***** Exercise data

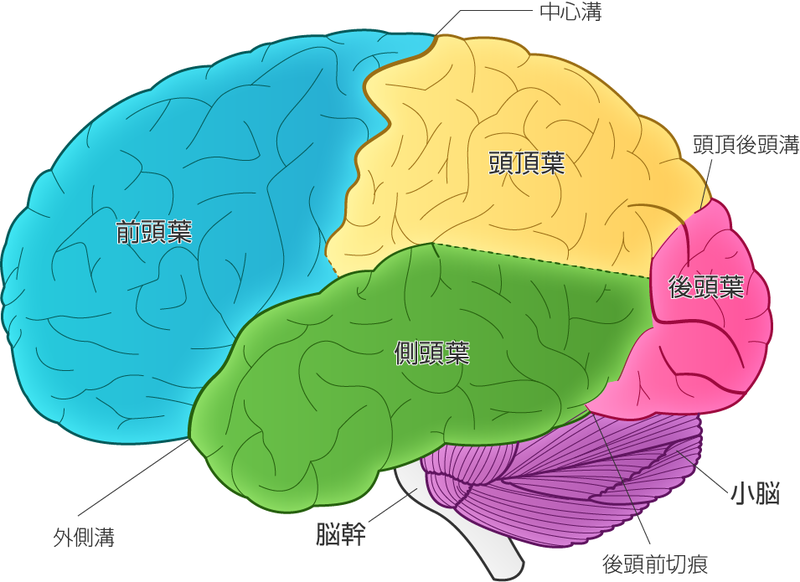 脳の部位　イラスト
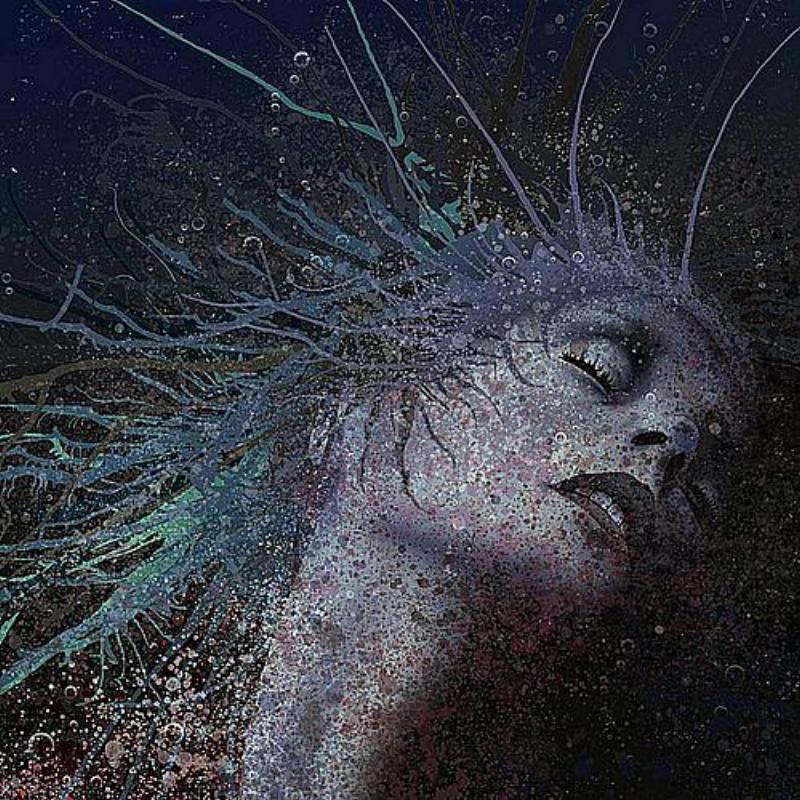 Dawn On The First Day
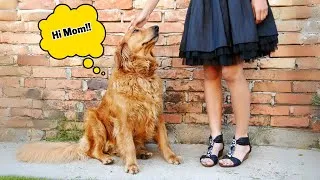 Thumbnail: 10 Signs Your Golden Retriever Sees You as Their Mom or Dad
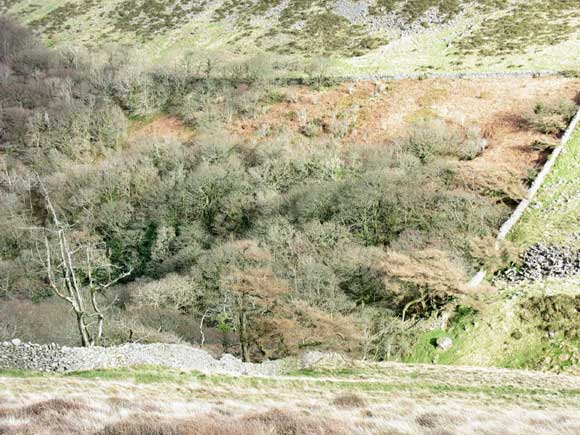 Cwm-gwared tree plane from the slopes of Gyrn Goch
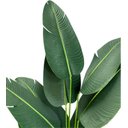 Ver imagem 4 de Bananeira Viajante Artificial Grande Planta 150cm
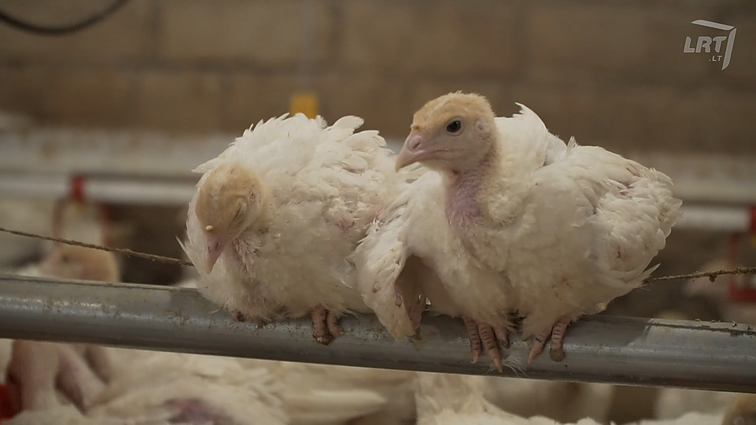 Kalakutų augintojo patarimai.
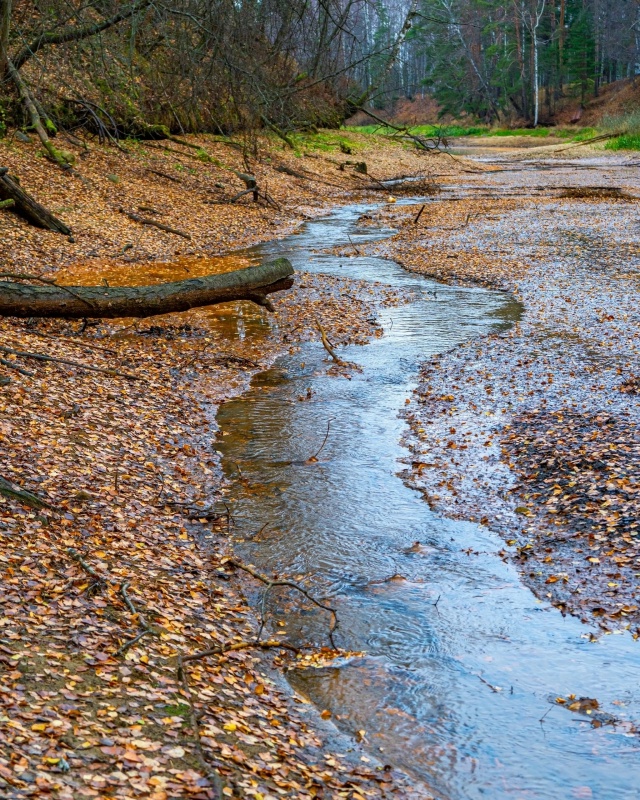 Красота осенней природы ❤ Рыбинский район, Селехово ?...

**********
***** Exercise data

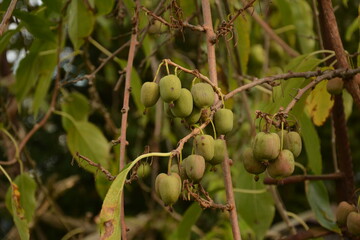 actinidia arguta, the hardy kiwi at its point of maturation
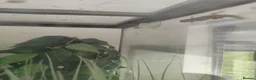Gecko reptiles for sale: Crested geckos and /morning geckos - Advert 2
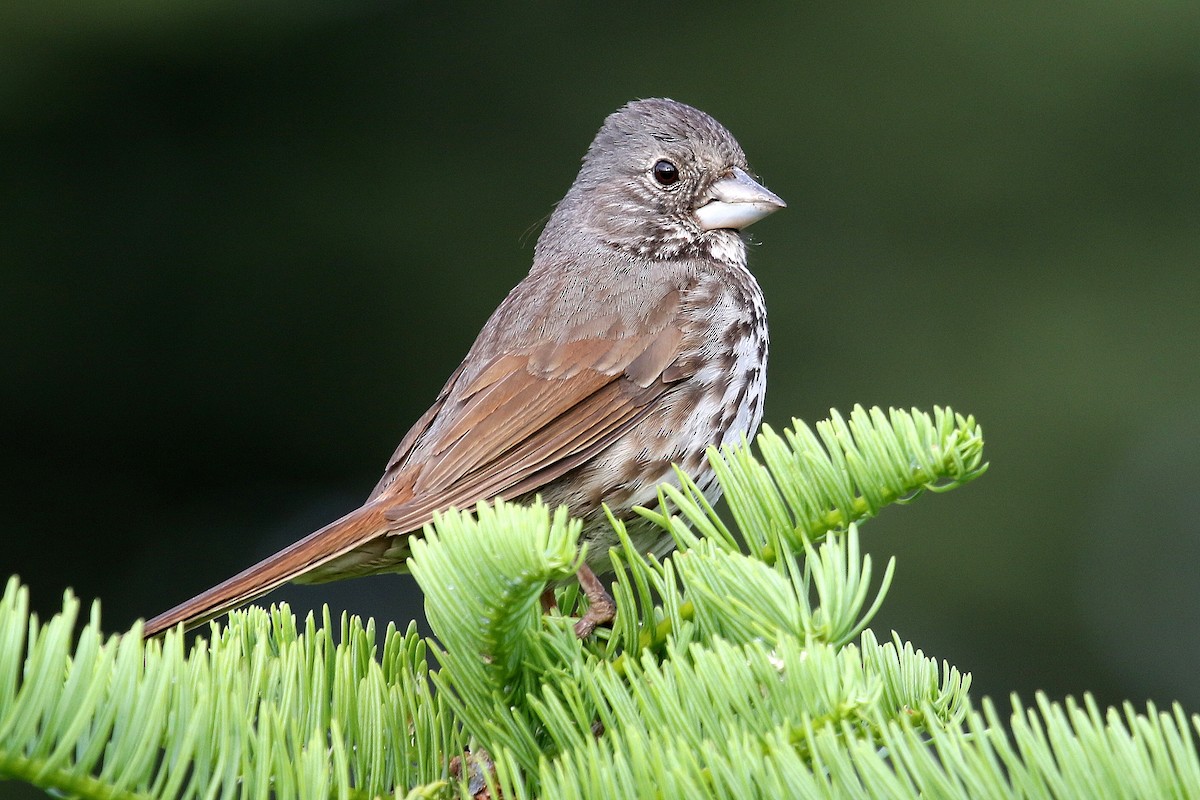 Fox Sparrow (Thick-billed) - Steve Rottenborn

**********

What you return from the records above should be exactly everything from the line with "Cwm-gwared tree plane" down to the line with "Красота осенней природы", both kept, and no pictures.

▶ Answer space:
 Cwm-gwared tree plane from the slopes of Gyrn Goch
 Ver imagem 4 de Bananeira Viajante Artificial Grande Planta 150cm
 Kalakutų augintojo patarimai.
 Красота осенней природы ❤ Рыбинский район, Селехово ?...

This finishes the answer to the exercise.